The SEC proposes that it could make a substituted compliance determination for transactions where:

  • at least one counterparty to the security-based swap is a non-U.S. person or a foreign branch; and
  • the security-based swap is not solicited, negotiated or executed by a person within the United States on behalf of the non-U.S. person or foreign branch counterparty.

De Minimis Threshold Calculations for Security-Based Swap Dealer Registration

An entity is required to register as a security-based swap dealer if its security-based swap dealing activities over the preceding 12 months (beginning on October 12, 2012) exceed $8 billion in notional of credit default security-based swaps, $400 million of other types of security-based swaps or $25 million in any type of security-based swap with counterparties that are special entities. An entity must generally aggregate all securitybased swap dealing activities of its affiliates with its own for purposes of the notional threshold calculations, subject to exceptions. The proposal clarifies which security-based swap dealing transactions of U.S. and non- U.S. persons, and their affiliates, would be counted toward the securitybased swap dealer de minimis thresholds.

The proposal separately addresses cross-border security-based swap transactions that must be counted for major security-based swap participant registration. These proposed rules are summarized in the accompanying sidebar.

Requirements for U.S. Persons

A U.S. person would need to count all of its security-based swap dealing transactions with U.S. and non-U.S. counterparties toward the security-based swap dealer de minimis thresholds. This includes transactions conducted through a foreign branch. However, security-based swap transactions between majority-owned affiliates would not need to be counted as security-based swap dealing activity.

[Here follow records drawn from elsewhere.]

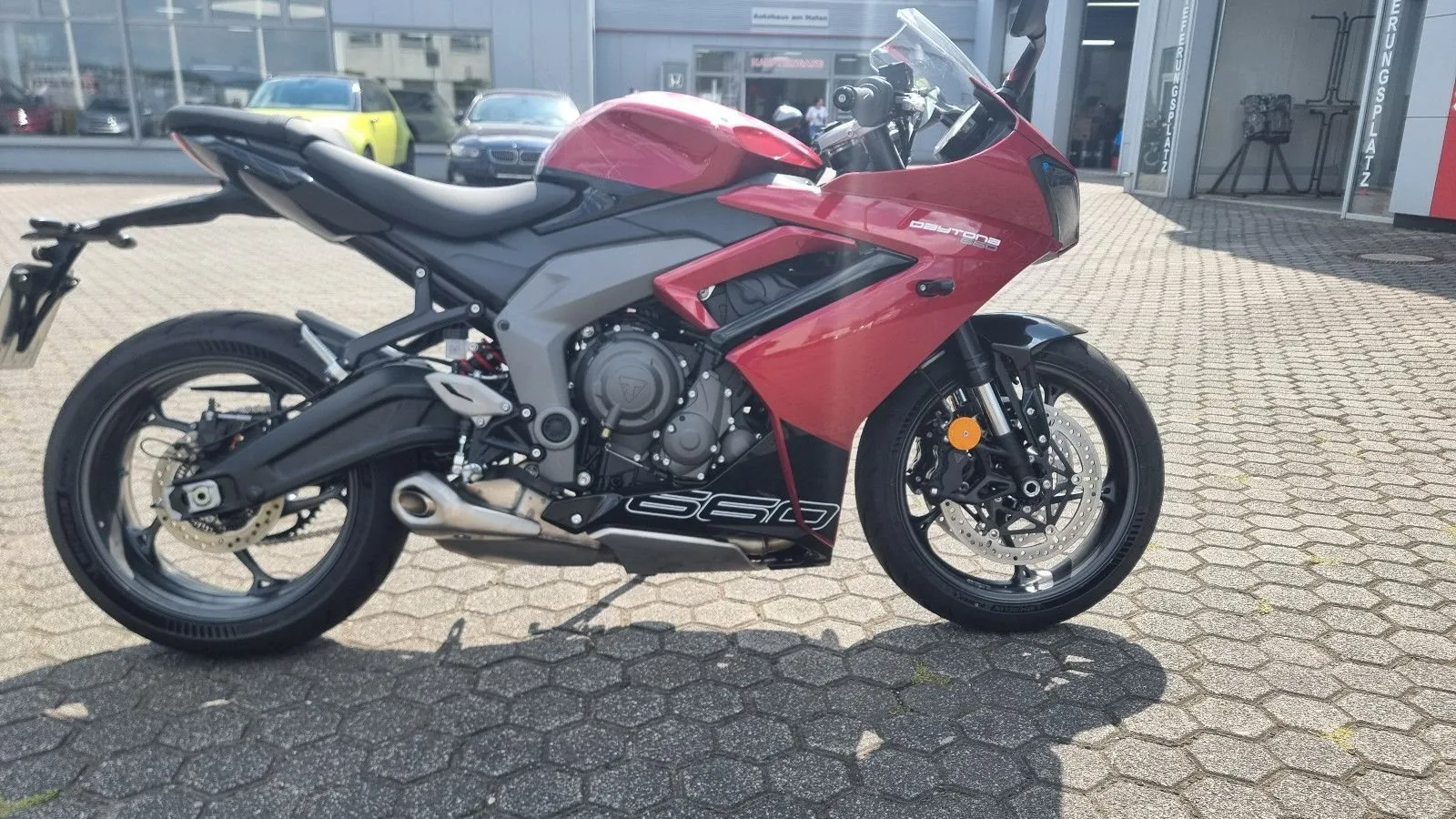 Triumph Daytona 660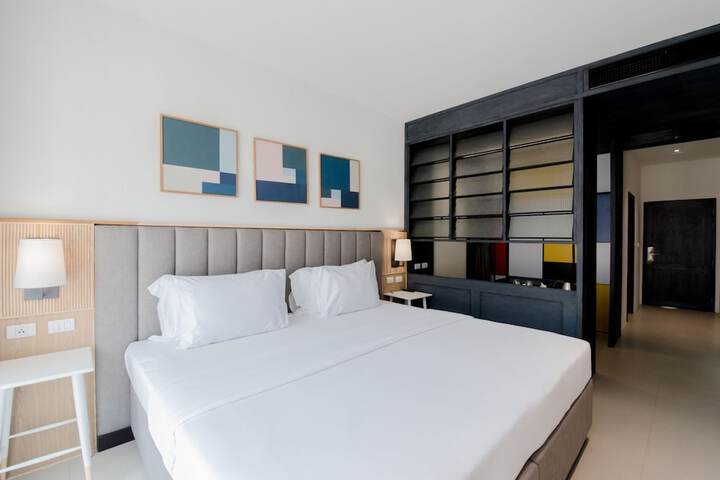 Room 44 of 110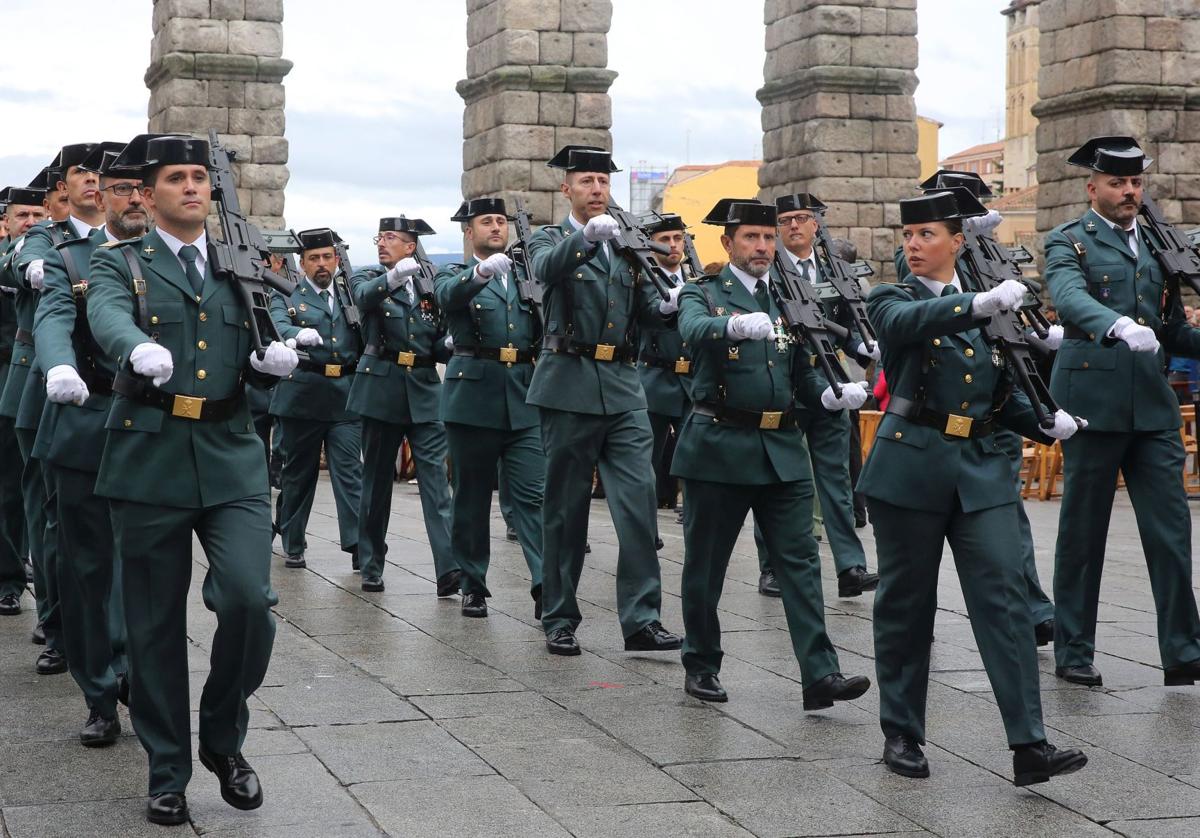 Desfile de la Guardia Civil de Segovia en el acto que ha tenido lugar este sábado en Segovia con motivo del día del Pilar.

A U.S. person would need to aggregate with its own security-based swap dealing transactions all those security-based swap dealing transactions engaged in by any of its affiliates, regardless of whether that affiliate is a U.S. person, a non-U.S. person, or a U.S. person conducting the transaction through a foreign branch, to the extent the affiliate would need to count the transaction toward its own de minimis threshold if it were transacted by the entity. However, the U.S. person would not need to aggregate the security-based swap dealing activities of an affiliate that is an SEC-registered security-based swap dealer, so long as the security-based swap dealing activities of the person and the registered securitybased swap dealer are “operationally independent,” as defined in the sidebar on the following page.

Requirements for Non-U.S. Persons

A non-U.S. person would need to count toward the de minimis threshold security-based swap dealing transactions:

  • with U.S. persons (other than foreign branches, as described below), regardless of where the transaction is conducted; and 
  • with non-U.S. persons and foreign branches, to the extent the transaction is conducted within the United States.  

A non-U.S. person would not need to count security-based swap transactions with a foreign branch as long as the foreign branch is the named counterparty to the transaction and no person within the United States is directly involved in “soliciting, negotiating, executing, or booking” the transaction on behalf of the foreign branch. Absent actual knowledge to the contrary, a party may rely on its counterparty’s representation that no person within the United States is directly involved in the transaction. As with U.S. persons, a non-U.S. person would not need to count securitybased swap transactions between majority-owned affiliates.  

A non-U.S. person would need to aggregate all security-based swap dealing transactions engaged in by any of its affiliates, whether that affiliate is a U.S. or non-U.S. person, to the extent the affiliate would need to count the transaction toward its own de minimis threshold if it were transacted by the entity.

As for U.S. persons, a non-U.S. person would not need to aggregate the security-based swap dealing activities of an affiliate that is an SECregistered security-based swap dealer that is operationally independent, as described in the accompanying sidebar.